_Stored data entries_
_ _ _ _

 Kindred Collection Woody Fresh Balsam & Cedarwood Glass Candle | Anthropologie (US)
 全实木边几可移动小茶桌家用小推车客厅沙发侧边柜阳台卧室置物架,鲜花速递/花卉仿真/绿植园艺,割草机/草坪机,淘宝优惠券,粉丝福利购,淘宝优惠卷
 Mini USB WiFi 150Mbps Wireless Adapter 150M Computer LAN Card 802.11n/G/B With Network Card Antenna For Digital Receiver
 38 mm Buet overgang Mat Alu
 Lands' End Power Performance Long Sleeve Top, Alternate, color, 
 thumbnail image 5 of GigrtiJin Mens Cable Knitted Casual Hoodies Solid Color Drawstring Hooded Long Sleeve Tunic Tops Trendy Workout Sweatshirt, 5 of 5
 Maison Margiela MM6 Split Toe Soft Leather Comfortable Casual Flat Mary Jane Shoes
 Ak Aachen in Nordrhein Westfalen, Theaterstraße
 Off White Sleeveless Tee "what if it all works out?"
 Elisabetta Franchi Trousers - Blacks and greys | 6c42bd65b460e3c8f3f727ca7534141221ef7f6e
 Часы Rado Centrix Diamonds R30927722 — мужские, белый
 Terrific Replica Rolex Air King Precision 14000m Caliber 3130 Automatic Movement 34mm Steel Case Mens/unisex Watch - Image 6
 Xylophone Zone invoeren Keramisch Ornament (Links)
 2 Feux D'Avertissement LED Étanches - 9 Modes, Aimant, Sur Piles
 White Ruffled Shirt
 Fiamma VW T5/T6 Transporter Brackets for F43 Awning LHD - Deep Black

_ _ _ _

_Exercise description_
From the entries, report every line in which the string "White" occurs.

_Answer box_
 Off White Sleeveless Tee "what if it all works out?"
 White Ruffled Shirt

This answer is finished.